> _How to complete this task_
What are the lines from the one containing "extant_StarTrekDS9_1x19-Duet_01346.jpg" through the last line of the records below? Return them exactly, leaving out pictures.

> _Exercise input_
+++

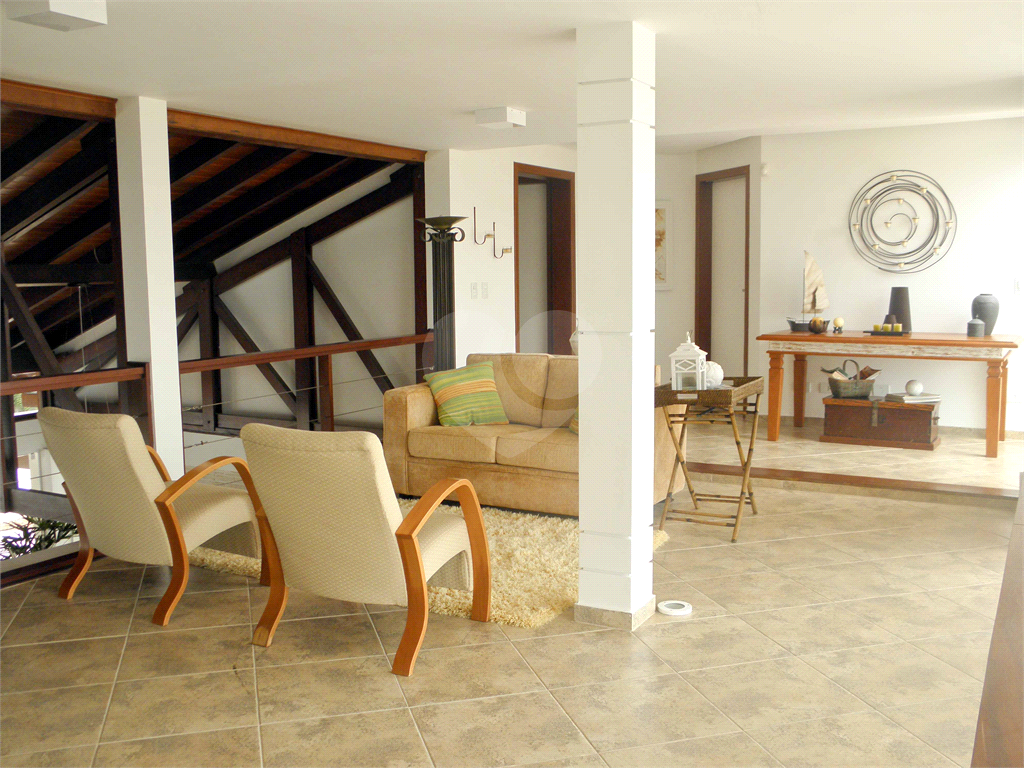Casa à Venda Alto Padrão em Itanhaém, 4 suítes, closet, piscina, sauna, ateliê, varanda gourmet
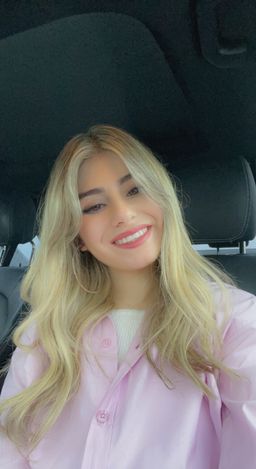 Layal Majzoib avatar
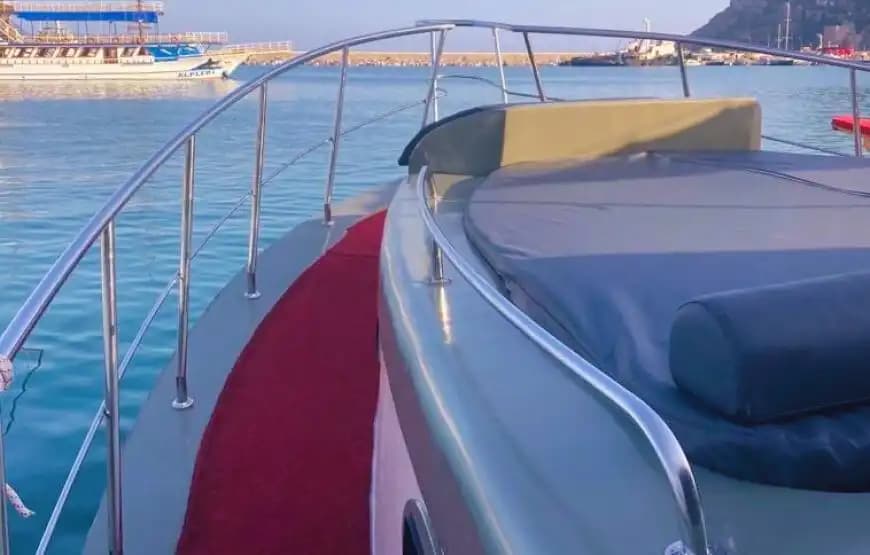 Alanya’da 15 Metre Uzunluğunda, Özel Yapım Geniş ve Konforlu Tekne 5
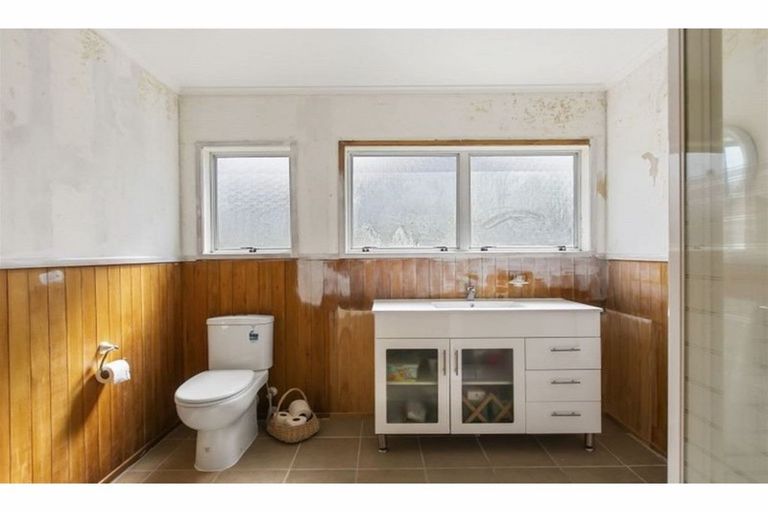 Photo of property in 9 Woodhouse Place, West Harbour, Auckland, 0618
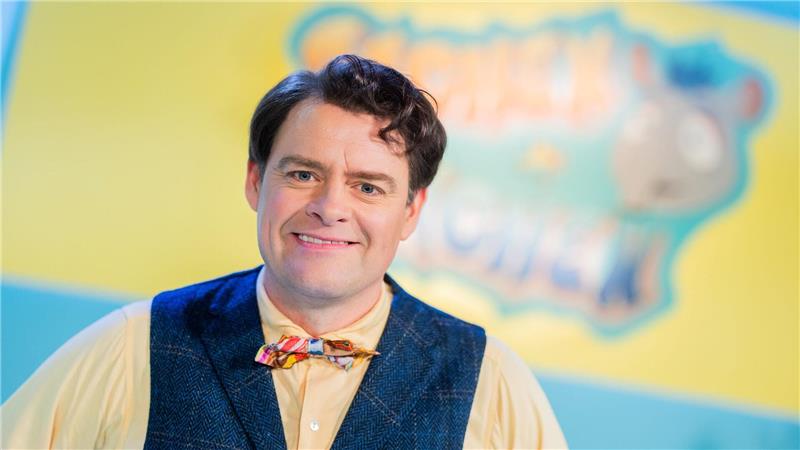 Kölner „Tatort“ hinter den Kulissen einer Kindersendung Giermann spielt den beliebten TV-Moderator Frank Anders, der in Wirklichkeit gar nicht so nett ist wie in seiner Sendung.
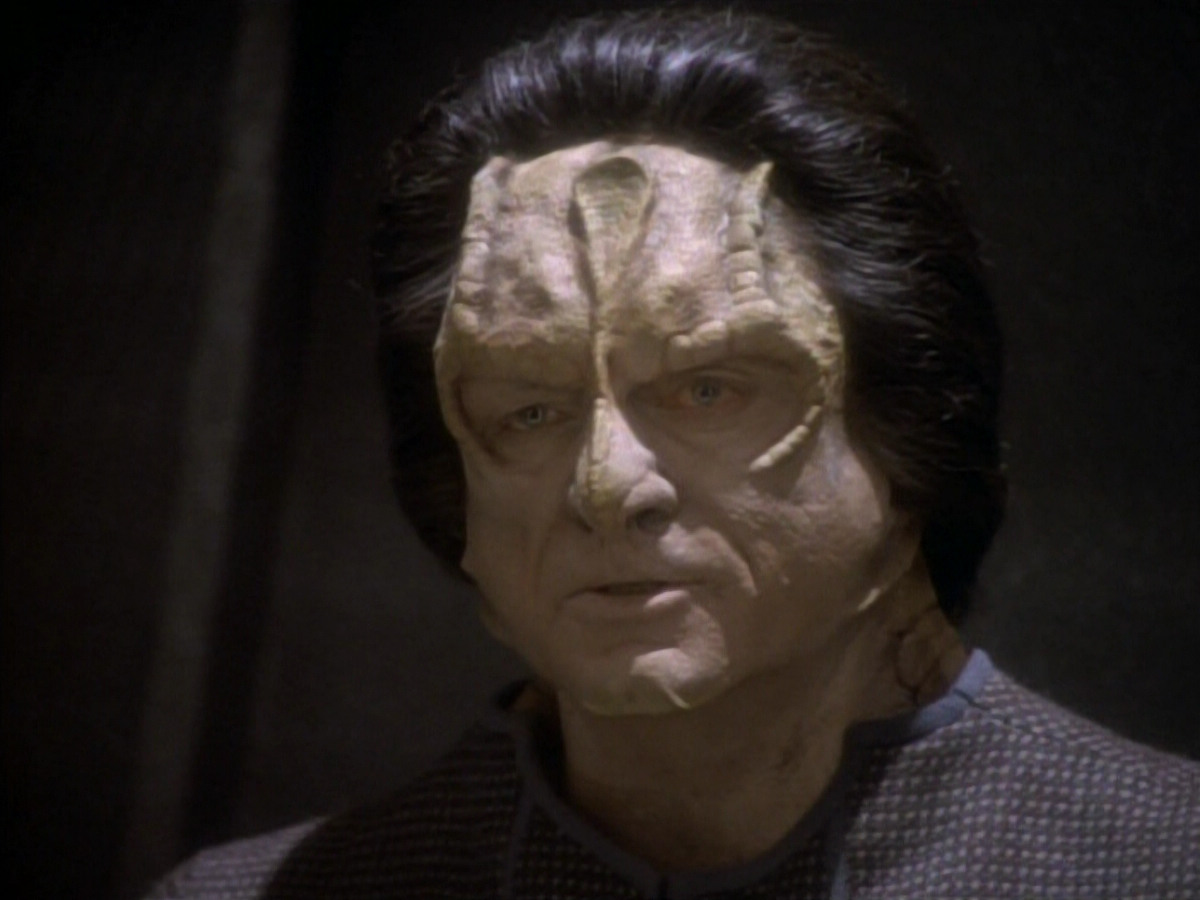 extant_StarTrekDS9_1x19-Duet_01346.jpg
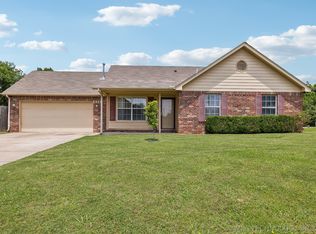636 S Division St, Coweta, OK 74429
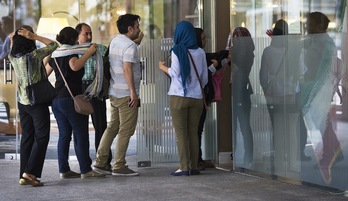 Colas para acceder a un colegio electoral en Irán. (Paul J. RICHARDS/AFP)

+++

> _Answer section_
 extant_StarTrekDS9_1x19-Duet_01346.jpg
636 S Division St, Coweta, OK 74429
 Colas para acceder a un colegio electoral en Irán. (Paul J. RICHARDS/AFP)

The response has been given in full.